First off, you make beautiful tools.   It shows attention to detail, plus your skill in running a machine.  

As for the people who try to run you down, don't sweat 'em.  They're probably jealous that you make functional works of art, and all they can make is chips and chatter-marked scrap.  

Pardon my crudity here for a moment....

Nobody pops out of their mother's hoo-ha a master machinist.  Or a master of anything, except crying, suckling, and pooping.  

I'm a network and systems administrator by profession.  I've been using computers for 29 years, and I'm only 37 on Dec 2nd.  I've been at the same job for 15 years, and computers come naturally to me. When I was a kid I was called a geek, a nerd, you name it.  But, I didn't let it bother me. I continued doing what I loved, and I have a job doing what I love to do.  Yeah, I make it look easy.  I have decades of experience.  If you had configured countless servers, databases, designed networks from scratch and upgraded them, you could make it look easy too.  

That's what you do with your tools.  You turn out tools that look like they came from a name-brand factory (with obsessive-compulsive QC), and they show it.  I don't know how long you've been running machines, but you do it well.  And you make me look like a complete noob.  Because I am.  Hopefully one day I'll be able to make tools that at least belong in the category of "nice", but that day isn't here yet.  Functional, yes.  But still seriously amateur. 

Don't sweat the jealous idiots who give you crap.  They ain't worth the effort to do anything but laugh at 'em.  You don't have to prove a dang thing to them, because your work speaks for itself.  Loudly.  Extremely loudly.   

You got an entire board of people behind you.  Some on here make parts that are aerospace quality.  Some of us barely know what a lathe *is*, and everywhere in-between.   And every time I make a chip, I learn a tiny little bit.  Each successful part is a little better than the last, and even the horribly wrong parts teach me something.  

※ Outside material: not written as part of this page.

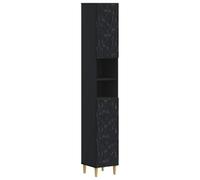 vidaXL Armadio da Bagno con Ripiano Aperto DELFT Nero 30 x 31 x 190 cm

So smile, relax, and go make some chips.  Twiddling handwheels is therapeutic as heck.  :thumbsup2:


----------



## tweinke

Mark, It is people like you that inspire newbie guys like me. I can honestly say when I see your work it shows that with some patience and creativity you can do almost anything. Seeing work like yours causes me to think about projects I can try, if I fail I probably still learned something valuable. I have a son that is pretty good at machining, he once asked me to help him out machining some parts for his employer. When I got there to help he told me I was about to get my PHD. I learned that night the difference between a machine operator and a machinist. I got to load parts on a really cool CNC mill then had to Push Here Dummy. I have a feeling that I would not care to do that job every day. The projects we do together that take thought are enjoyed no matter what the outcome. The projects you show us inspire us to go further. The guy who emailed you probably only has his PHD. Not making fun of anyone who actually has the schooling or experience to have the real thing(PHD). Keep up the good work. It also is a compliment if someone can't tell store bought from your work.    :thumbsup2:


----------



## eightball

Went to the plans/print page, Think i saw most everything there but the zero-it, lol  Its really no problem, i'm sure I can figure something out.


----------



## Mark_f

eightball said:


> Went to the plans/print page, Think i saw most everything there but the zero-it, lol  Its really no problem, i'm sure I can figure something out.



Here you go



	

		
			
		

		
	
  hope you can see it. I made mine to fit my Last Word indicator . that is why there are no details on finishing that block. You make it fit your indicator. There are some tricks to making this successfully. If you are going to make one let me know and I will fill you in on what I learned the hard way.  


Mark Frazier


----------



## Mark_f

Reeltor said:


> Mark,
> 
> I'd be proud to have any one of your shop made tools in my garage-shop.
> Can I ask how does your vice alignment jig work?
> 
> Mike


 I think it is in the members projects or it is in the thread of the fellow who posted it here. there is a photo of it in use and how it is made.

Mark Frazier


----------



## CannonFodder

mark_f said:


> I really don't know what else to say,
> 
> Mark Frazier




Whew!  Your photos are my to-do list!  Thank you Mark!

CannonFodder


----------



## CannonFodder

mark_f said:


> I really don't know what else to say,
> 
> Mark Frazier




Whew, your photos are my to-do list!!  Awesome work and thank you Mark.

CannonFodder


----------



## Mark_f

CannonFodder said:


> Whew, your photos are my to-do list!!  Awesome work and thank you Mark.
> 
> CannonFodder



I think you posted the vise alignment tool, didn't you. thank you for that. that tool is a real time saver. I use it for more than the vise. I line up parts that clamp to the table with it too. Man, it will save hours on some projects. 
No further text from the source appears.